BEGIN Dataset excerpts
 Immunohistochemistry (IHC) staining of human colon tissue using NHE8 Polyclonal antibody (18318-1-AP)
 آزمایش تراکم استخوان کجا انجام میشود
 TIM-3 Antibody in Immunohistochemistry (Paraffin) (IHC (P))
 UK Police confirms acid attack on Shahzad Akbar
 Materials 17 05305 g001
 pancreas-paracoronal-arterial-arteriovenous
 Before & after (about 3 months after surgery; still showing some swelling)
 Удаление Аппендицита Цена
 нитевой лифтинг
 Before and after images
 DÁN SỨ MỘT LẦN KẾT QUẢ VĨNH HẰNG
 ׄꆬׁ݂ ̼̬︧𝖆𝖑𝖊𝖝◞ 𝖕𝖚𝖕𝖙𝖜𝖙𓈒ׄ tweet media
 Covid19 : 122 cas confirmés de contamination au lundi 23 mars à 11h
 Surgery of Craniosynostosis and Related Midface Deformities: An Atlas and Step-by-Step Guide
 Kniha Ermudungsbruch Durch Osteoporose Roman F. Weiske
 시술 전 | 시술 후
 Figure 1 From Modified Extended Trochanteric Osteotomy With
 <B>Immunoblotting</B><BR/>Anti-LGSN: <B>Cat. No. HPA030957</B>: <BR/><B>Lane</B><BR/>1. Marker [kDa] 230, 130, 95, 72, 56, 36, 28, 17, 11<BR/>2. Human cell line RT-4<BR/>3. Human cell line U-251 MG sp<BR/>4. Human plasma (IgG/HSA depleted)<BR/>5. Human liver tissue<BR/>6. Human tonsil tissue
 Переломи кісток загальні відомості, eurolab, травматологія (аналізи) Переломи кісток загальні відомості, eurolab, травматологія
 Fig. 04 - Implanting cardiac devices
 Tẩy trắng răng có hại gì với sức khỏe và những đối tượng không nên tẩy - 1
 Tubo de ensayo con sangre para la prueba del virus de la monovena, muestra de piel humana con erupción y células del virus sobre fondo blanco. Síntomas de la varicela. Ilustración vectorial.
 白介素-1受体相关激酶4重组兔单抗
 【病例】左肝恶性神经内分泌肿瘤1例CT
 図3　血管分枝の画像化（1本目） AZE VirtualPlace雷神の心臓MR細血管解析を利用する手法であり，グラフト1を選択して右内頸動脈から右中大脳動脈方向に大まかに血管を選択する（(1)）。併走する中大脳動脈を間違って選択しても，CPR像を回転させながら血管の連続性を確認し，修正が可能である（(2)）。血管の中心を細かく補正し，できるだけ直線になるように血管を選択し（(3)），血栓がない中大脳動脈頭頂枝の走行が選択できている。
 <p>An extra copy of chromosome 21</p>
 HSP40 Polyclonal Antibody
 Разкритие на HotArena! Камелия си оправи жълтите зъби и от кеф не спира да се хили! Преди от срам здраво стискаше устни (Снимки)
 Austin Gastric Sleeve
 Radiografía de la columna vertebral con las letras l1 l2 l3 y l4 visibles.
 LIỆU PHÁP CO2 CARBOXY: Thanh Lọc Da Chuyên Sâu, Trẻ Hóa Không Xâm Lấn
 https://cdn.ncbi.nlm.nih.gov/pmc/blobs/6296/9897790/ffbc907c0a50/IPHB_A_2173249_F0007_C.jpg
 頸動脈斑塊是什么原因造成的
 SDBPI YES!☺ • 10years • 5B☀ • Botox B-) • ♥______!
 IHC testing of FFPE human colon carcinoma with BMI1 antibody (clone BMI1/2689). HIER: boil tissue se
END Dataset excerpts
> **What the task requires**
Return a word-for-word copy of the lines from the beginning of the listing to the line holding "pancreas-paracoronal-arterial-arteriovenous", both kept.

> **Result of the exercise**
 Immunohistochemistry (IHC) staining of human colon tissue using NHE8 Polyclonal antibody (18318-1-AP)
 آزمایش تراکم استخوان کجا انجام میشود
 TIM-3 Antibody in Immunohistochemistry (Paraffin) (IHC (P))
 UK Police confirms acid attack on Shahzad Akbar
 Materials 17 05305 g001
 pancreas-paracoronal-arterial-arteriovenous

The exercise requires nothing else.